## What to do
Would you print the lines below exactly, beginning at the line that has "Mateta in action for Crystal Palace in 2025" and stopping after the line that has "Halcones del mundo"? Only those lines, and no pictures.

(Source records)
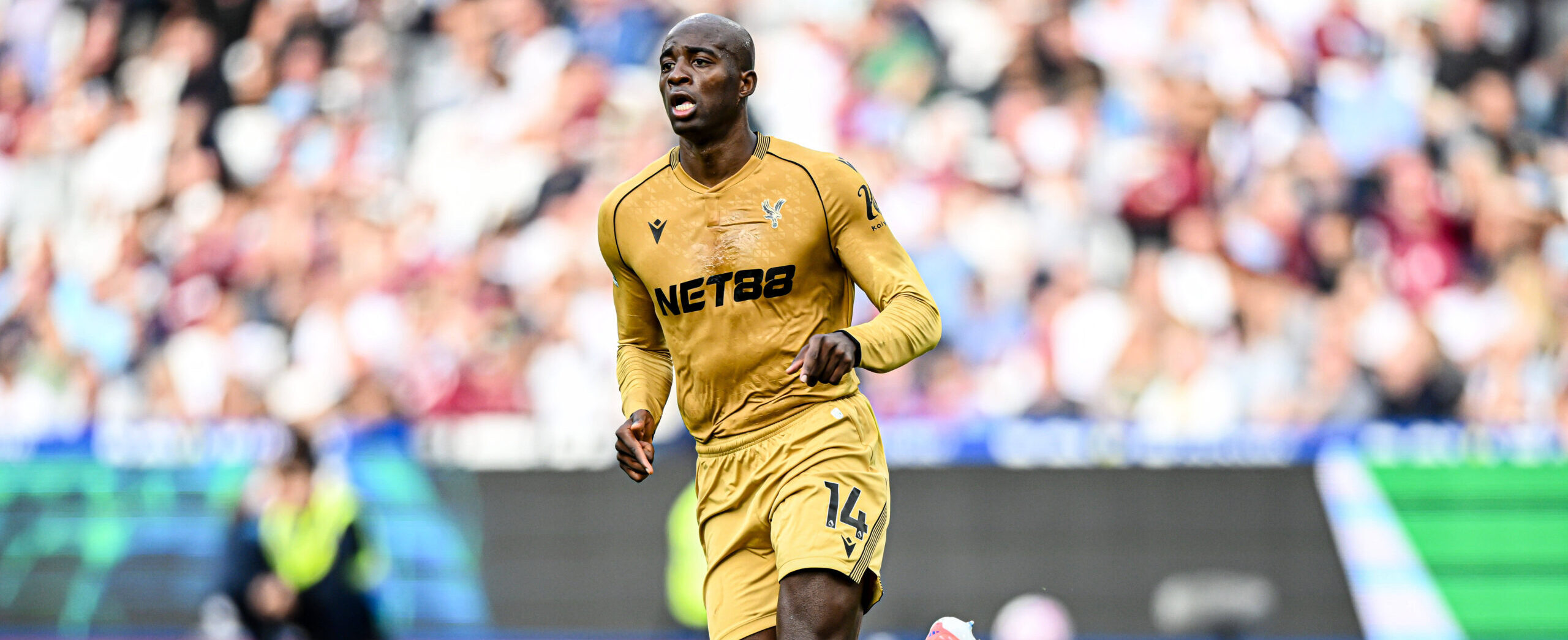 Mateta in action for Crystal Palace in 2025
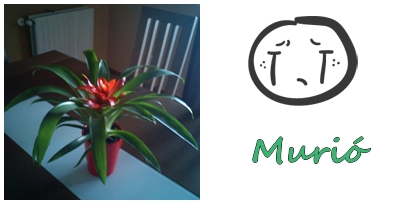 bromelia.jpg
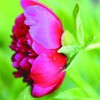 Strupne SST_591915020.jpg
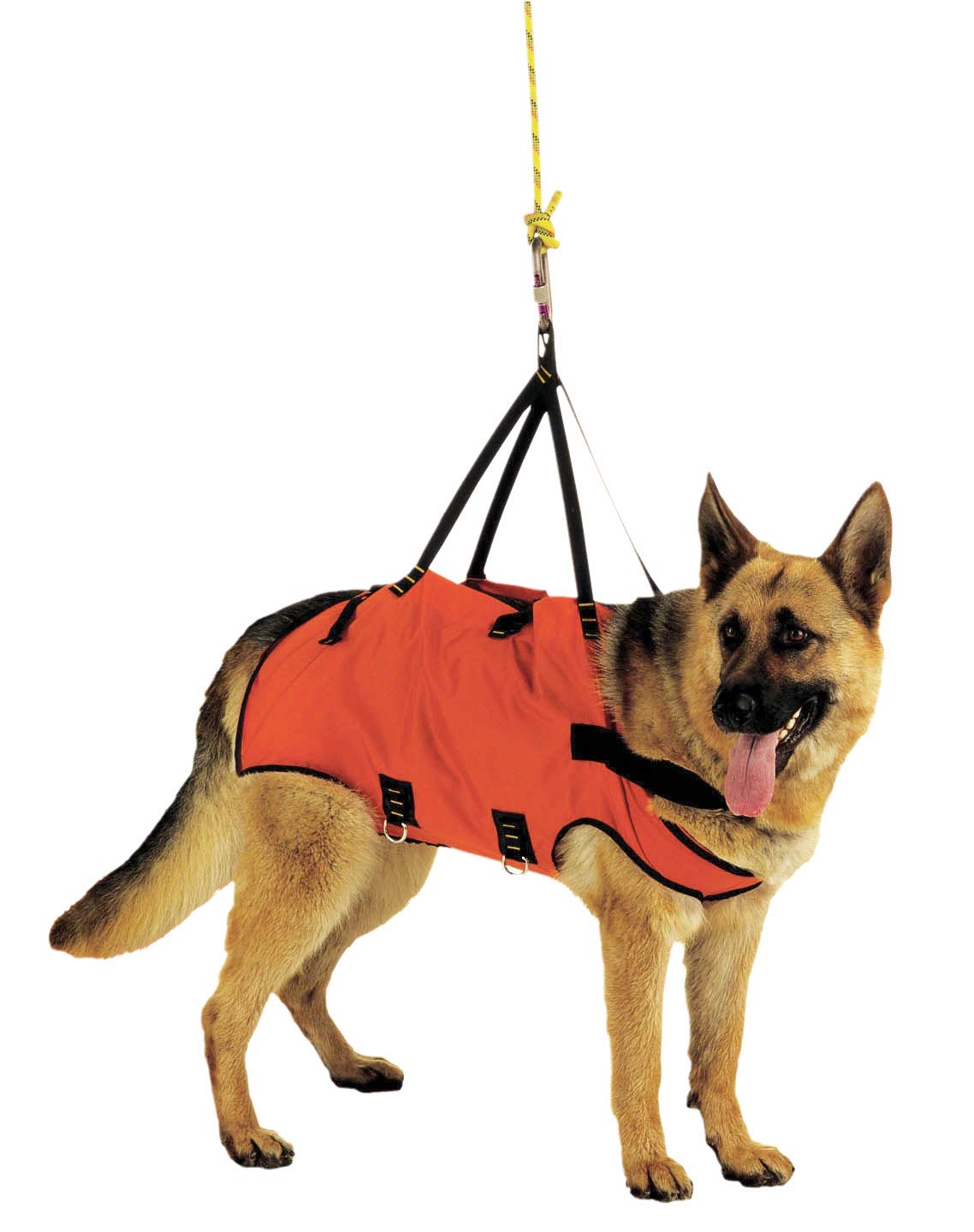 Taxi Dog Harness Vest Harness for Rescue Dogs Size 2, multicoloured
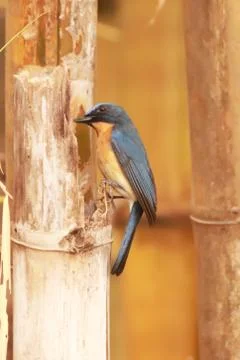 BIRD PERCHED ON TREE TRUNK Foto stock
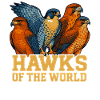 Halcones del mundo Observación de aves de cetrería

---

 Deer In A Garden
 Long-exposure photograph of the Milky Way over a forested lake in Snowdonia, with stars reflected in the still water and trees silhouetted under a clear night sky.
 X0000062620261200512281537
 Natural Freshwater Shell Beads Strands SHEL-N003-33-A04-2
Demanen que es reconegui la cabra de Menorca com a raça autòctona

==

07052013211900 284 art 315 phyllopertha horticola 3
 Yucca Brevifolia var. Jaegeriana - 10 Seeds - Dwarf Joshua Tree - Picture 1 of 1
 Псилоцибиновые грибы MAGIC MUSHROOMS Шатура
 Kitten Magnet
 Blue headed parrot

## Solved problem
 Mateta in action for Crystal Palace in 2025
 bromelia.jpg
 Strupne SST_591915020.jpg
 Taxi Dog Harness Vest Harness for Rescue Dogs Size 2, multicoloured
 BIRD PERCHED ON TREE TRUNK Foto stock
 Halcones del mundo Observación de aves de cetrería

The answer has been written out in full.